After you’ve worked for over 50 years and you think you’ve made the right plans for your retirement, COVID comes along and changes everything. At least that’s what I’m blaming the higher prices we’re paying for nearly everything.
As with the rest of your life, you find ways to adapt. You watch for sales of the things you need, and you find ways to cut your expenses. You might even go out and find some part-time work to help with the added costs.
Then trouble starts overseas, and the cost of gasoline doubles (yes, our gasoline is now $4.49 per gallon). You can’t help but be shocked when it costs you over $70 to fill your tank at the pump. If you’ve already curtailed driving to places you don’t really need to go, you’re stuck paying the price to get to the places you have to go.

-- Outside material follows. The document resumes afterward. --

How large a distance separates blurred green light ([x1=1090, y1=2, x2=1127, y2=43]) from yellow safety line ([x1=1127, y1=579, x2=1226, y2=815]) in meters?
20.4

There are a lot of people who rely on their Social Security checks to pay their expenses, and when groceries, doctors, dentists, medicines, gasoline, and nearly all other costs rise as they have, there will be people who are forced to make very difficult decisions – forget going out to eat, it’s become expensive to go through a fast-food restaurant drive-thru.
What can you do? Hope something changes in your favor? Work more hours, if you can work at all? Try to cut your expenses? Change what you purchase?
Personally, I’m hoping some of President Trump’s promises start to come true – like no tax on Social Security. It wouldn’t add much, but everything counts.
Have A Good Week!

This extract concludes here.